Brief: Beneath this instruction is a listing; print exactly the lines in it starting at the line that contains "Spijklavendel - Lavandula latifolia (Blad)" and going through the line that contains "Polisi Selidiki Tabrak Lari Maut di Parindu".
(Input material Opens)
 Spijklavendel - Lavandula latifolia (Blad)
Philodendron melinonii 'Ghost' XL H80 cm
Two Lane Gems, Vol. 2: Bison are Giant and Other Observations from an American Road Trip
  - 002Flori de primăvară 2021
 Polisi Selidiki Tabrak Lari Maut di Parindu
(Input material Closes)
(Input material Opens)
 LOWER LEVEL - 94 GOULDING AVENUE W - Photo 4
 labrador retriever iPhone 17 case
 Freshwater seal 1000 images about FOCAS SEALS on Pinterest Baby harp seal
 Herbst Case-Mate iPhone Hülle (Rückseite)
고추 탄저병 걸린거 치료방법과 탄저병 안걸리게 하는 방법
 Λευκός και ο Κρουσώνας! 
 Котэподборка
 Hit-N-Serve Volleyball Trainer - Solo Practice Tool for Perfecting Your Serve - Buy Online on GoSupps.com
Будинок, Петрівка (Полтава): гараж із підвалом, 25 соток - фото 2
(Input material Closes)
Output:
 Spijklavendel - Lavandula latifolia (Blad)
Philodendron melinonii 'Ghost' XL H80 cm
Two Lane Gems, Vol. 2: Bison are Giant and Other Observations from an American Road Trip
  - 002Flori de primăvară 2021
 Polisi Selidiki Tabrak Lari Maut di Parindu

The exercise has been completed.